To sum up Josh in a sentence or a few words is impossible. This young man was the life of the party. With a heart of gold, he was friends with everyone, would give the shirt off his back, and would do anything to help another person. He was an advice-giver, confidant, best friend, and once you met him and saw his smile, you never forgot him. He was incredible in every way possible.
His story of donation begins August 2, 2018, when he had been hit head-on while riding his Harley home. On his 23rd birthday (August 11) he saved four lives. He was able to donate his heart, two kidneys, and liver, along with tissue. That was so fitting for him because he always was a giving person.
Josh was an Eagle Scout and honored that code. He graduated in June 2018 from SECC Milford, with a Non-Destructive Testing degree and was ready to move to Iowa to work at Olsson & Associates in September. He had his apartment and was moving in, and all that changed August 2.
Josh loved everything, and I mean everything. He loved sports — diving and baseball were on the top of the list. But he participated in everything from taekwondo, soccer, football, swimming, diving, and track & field.

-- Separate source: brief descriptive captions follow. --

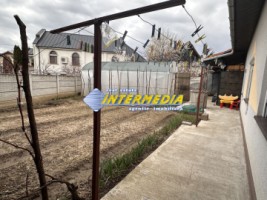 casa-finisata-p-cu-681-mp-teren-in-alba-iulia-micesti-renovata-modern-ingarduita-strada-asfaltata-si-toate-utilitatiile-23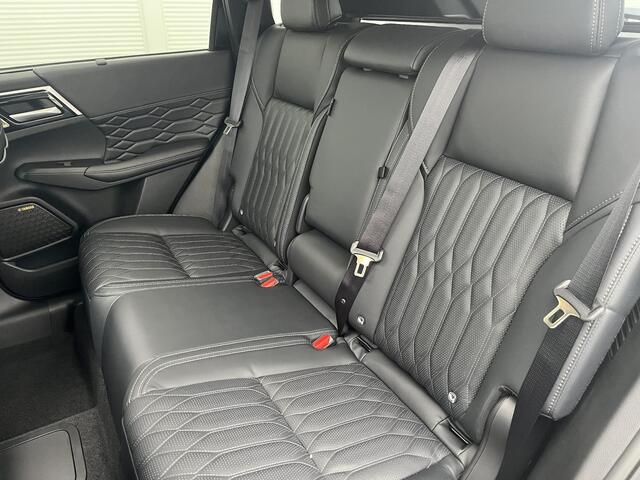 Mitsubishi OUTLANDER 2.4 PHEV Instyle / ¤4000,- Voordeel Op Nieuwprijs / Rijklaarprijs / Elektrische Range 86 KM WLTP / 1600 KG Trekgewicht / 8 Jaar fabrieksgarantie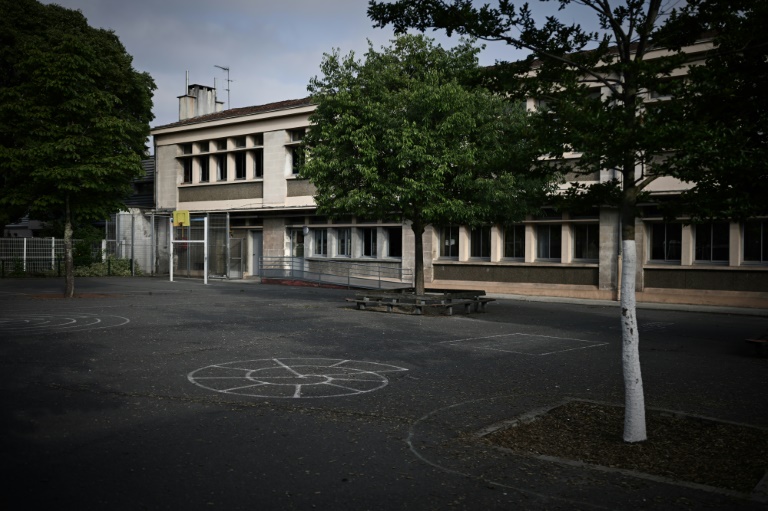 Plus de 2.000 établissements sont restés fermés mardi, essentiellement des écoles, à cause de la canicule, sur environ 45.000 écoles dans le pays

He loved to be competitive and had a great time doing it. He dove at South Dakota State University for the Jackrabbits in fall 2014. He was a good sportsman and passed that along to younger kids who looked up to him as an athlete.
He LOVED the drums and piano. The piano, of course, attracted the girls, but he became an accomplished drummer, his passion.
He loved music — everything from bluegrass to Beethoven to hard/classic rock. He even liked some of the bands his mom and dad liked.
He was always willing to go to a concert with his mom, no matter who it was.
He was big on family traditions and made sure we didn’t skip any. From flying kites on Easter to Black Friday shopping, to carving pumpkins, holiday baking day, driving around looking at Christmas lights with Dairy Queen blizzards to Minute-To-Win-It games on Christmas Day, and of course Candlelight service on Christmas Eve.
He was always willing to be mom’s date when she didn’t have one, no matter what the event was. Always with a smile.
When he turned 16 and got his license, he marked the box to be an organ donor. I asked him why he did, and he looked at me and said, without missing a beat, “I’ll be dead, I’m not going use them.”
The best things about Joshua are his smile, the ability to know when someone needed a friend, and his big heart and laughter.